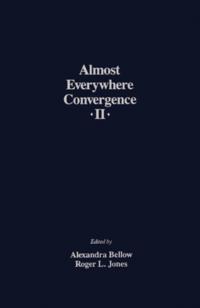 Almost Everywhere Convergence II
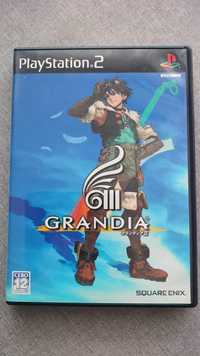 Grandia 3 PlayStation 2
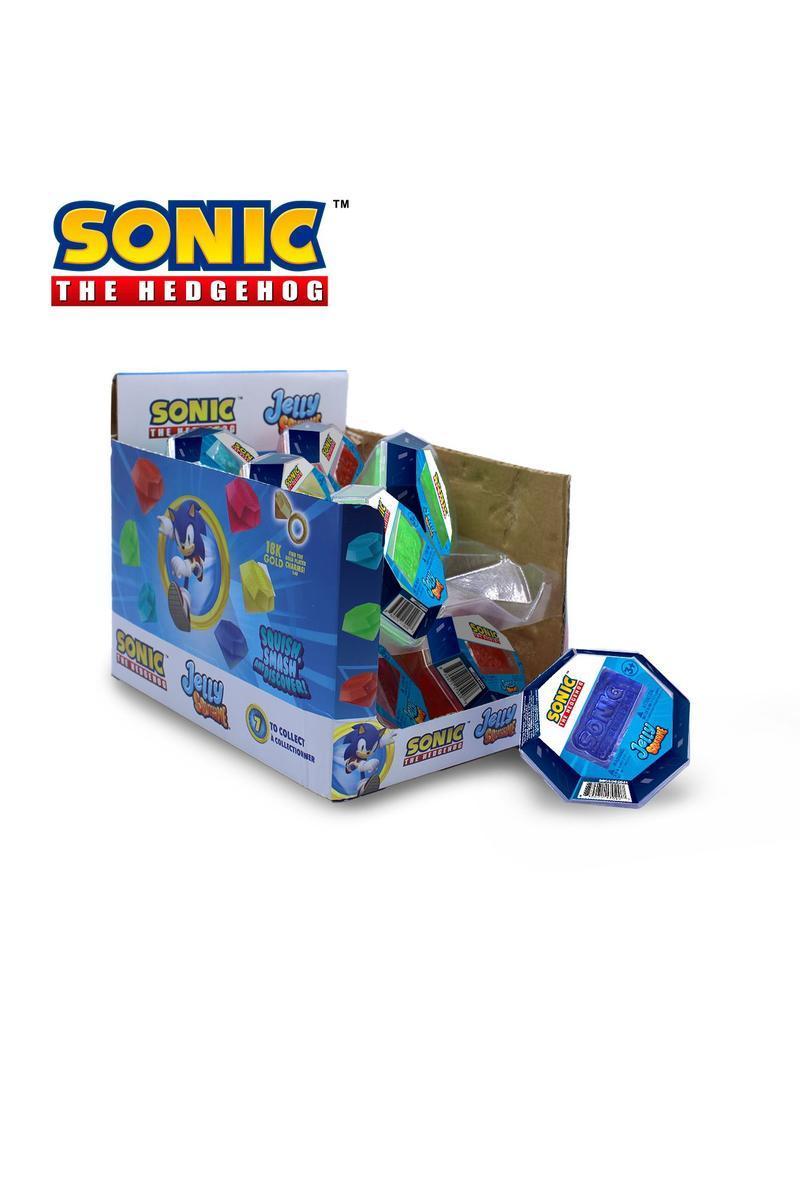 Sonic Jelly Cube Mystery Box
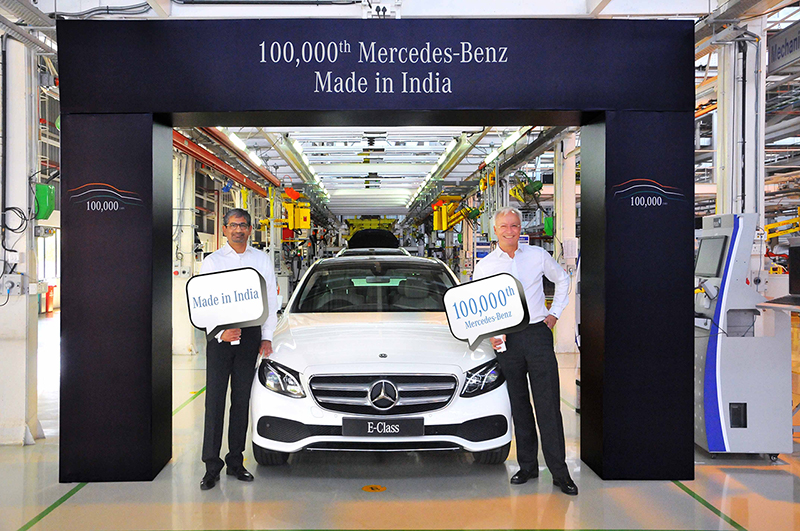 Mercedes-Benz 100000 car_WEB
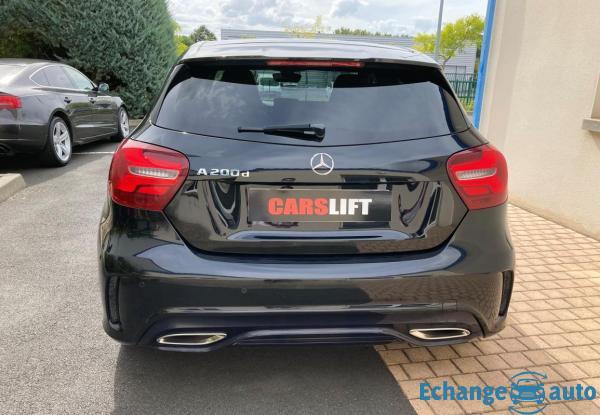 Mercedes Classe A 200 CDI 136CV FASCINATION PACK AMG GARANTIE 6 MOIS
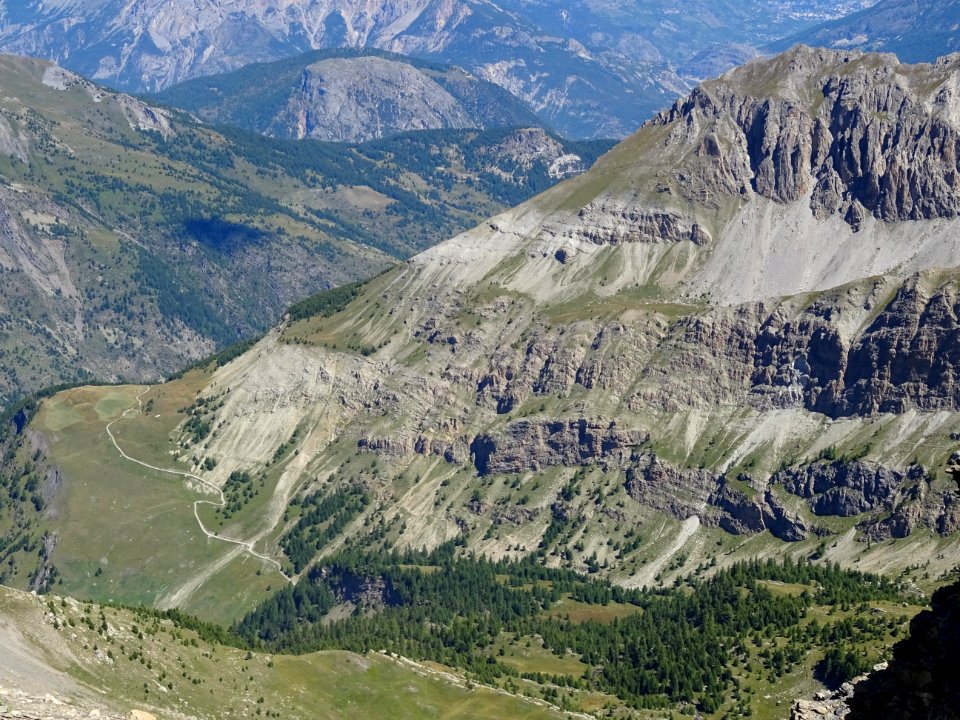Vallon de Font Cailla et perché, le Vallon de Clauzis 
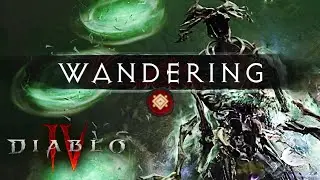 Diablo IV - Wandering Death World Event Boss OST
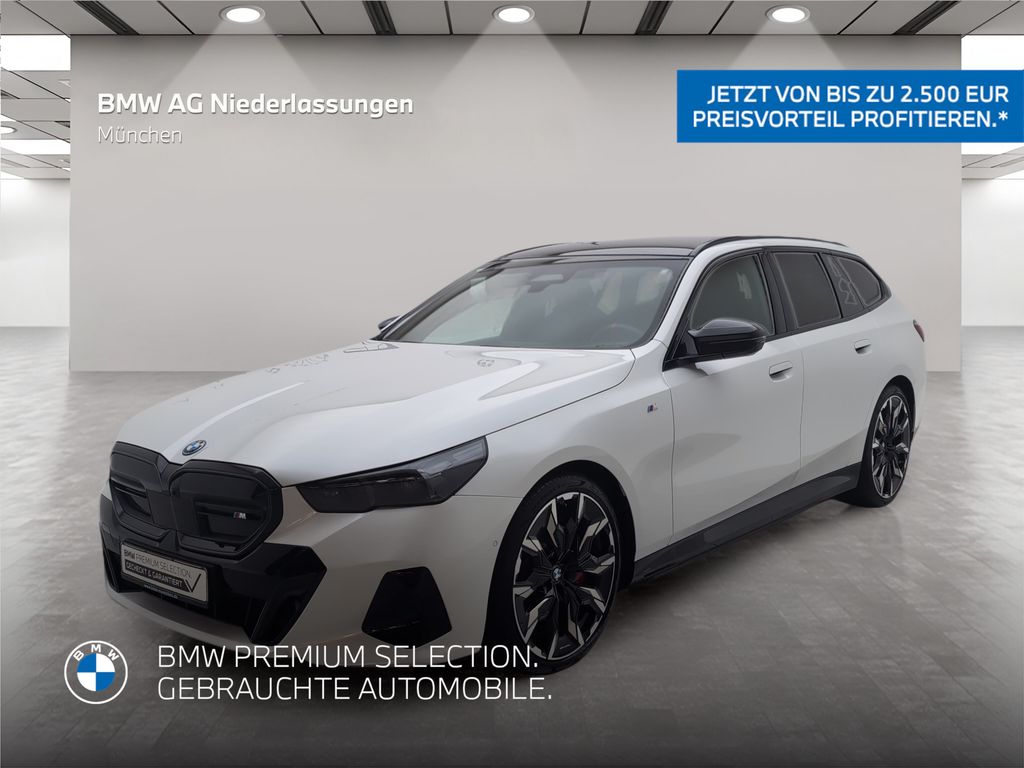 BMW i5 M60 xDrive Touring M Sport AHK Kamera LED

▶ [Task brief]: Your answer should hold only the lines from the one with "Mercedes-Benz 100000 car_WEB" through the final line of the listing above, transcribed exactly and without pictures.

▶ [Answer area]:
 Mercedes-Benz 100000 car_WEB
 Mercedes Classe A 200 CDI 136CV FASCINATION PACK AMG GARANTIE 6 MOIS
Vallon de Font Cailla et perché, le Vallon de Clauzis 
 Diablo IV - Wandering Death World Event Boss OST
 BMW i5 M60 xDrive Touring M Sport AHK Kamera LED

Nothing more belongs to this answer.